Okay, now stop and think about this for just a minute. This 22 year old son of mine, the one who was born a FULL WEEK after his due date and caused me to be in labor for almost 20 hours. The one who, over the years, has put me through various trials and tribulations, such as: stitches in his upper lip after sword fighting with PVC pipe; falling in the Lagoon at Fair Park on a field trip; asthma and breathing treatments; scoliosis; and, six, count 'em SIX sets of ear tubes, just to name a few. THIS SON OF MINE wants his 48 year old MOTHER to go into his house and see if it is currently being raided by hardened, crazed, crack addicted thieves. No problem, I'll just yell "Yoo-Hoo" really loud before I enter so as to give them plenty of time to LOAD THEIR WEAPONS!

And, if you know me, you won't be surprised to learn that my response was a resigned, "Well, okay, I'll call you when I get inside". See? My family knows me well enough to know that not only am I NOT a Girly Girl...I don't even THINK about dealing with things in Girly Girl ways.
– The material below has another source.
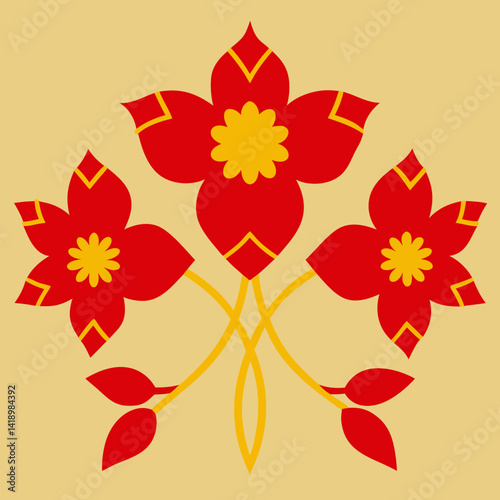 Embroidery with Red and Yellow Flowers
It never occurs to me NOT to climb the 6 ft. fence, or get in the elevator with the guy wearing the ski mask and carrying a rope. I don't think twice about standing in the way of the plumber's van when he tries to leave without first doing the job he was hired to do, or checking to see if the suspicious character in the alley is breaking into a neighbor's shed (he was).

No, I don't think at all...I just react, and such is NOT the way of the natural born Girly Girls of the world. That's okay, though. My family doesn't need a Girly Girl. They need me, their own personal STAHMBO. But, I better get flowers on Mother's Day, is all I'm saying.